→ TASK PROMPT:
Below are some records; quote exactly the lines from the one that contains "Halife Women s" through the one that contains "Plate Frame 3", inclusive, and no others.

→ DATA EXCERPTS:
________________________________________
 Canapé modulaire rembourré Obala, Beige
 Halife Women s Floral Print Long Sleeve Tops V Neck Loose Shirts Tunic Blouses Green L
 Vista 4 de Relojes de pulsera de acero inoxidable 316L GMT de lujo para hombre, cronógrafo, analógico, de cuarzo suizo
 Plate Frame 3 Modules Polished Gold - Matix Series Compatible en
________________________________________
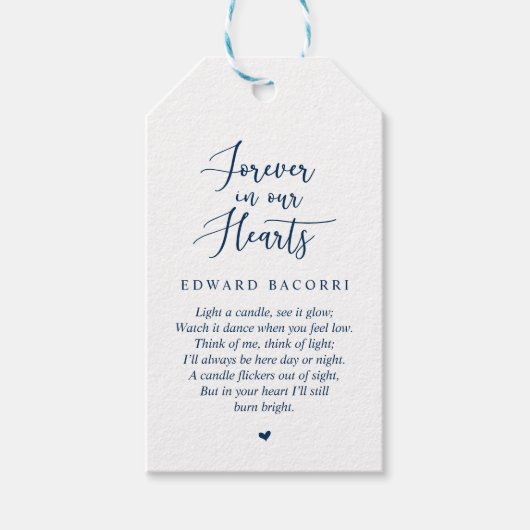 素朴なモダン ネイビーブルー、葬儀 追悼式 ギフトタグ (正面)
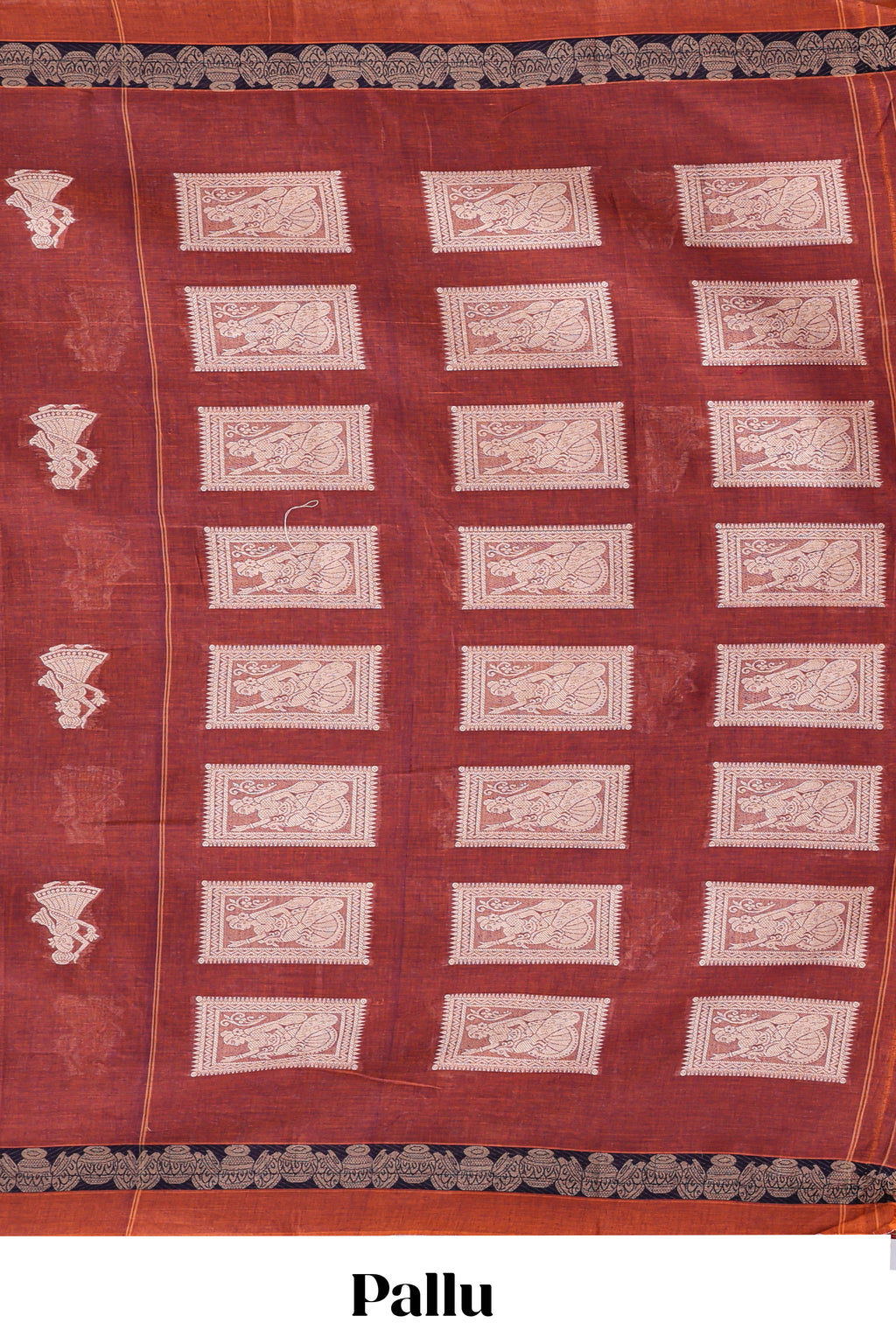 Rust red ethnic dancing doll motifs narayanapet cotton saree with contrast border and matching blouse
________________________________________
→ RESULT OF THIS TASK:
 Halife Women s Floral Print Long Sleeve Tops V Neck Loose Shirts Tunic Blouses Green L
 Vista 4 de Relojes de pulsera de acero inoxidable 316L GMT de lujo para hombre, cronógrafo, analógico, de cuarzo suizo
 Plate Frame 3 Modules Polished Gold - Matix Series Compatible en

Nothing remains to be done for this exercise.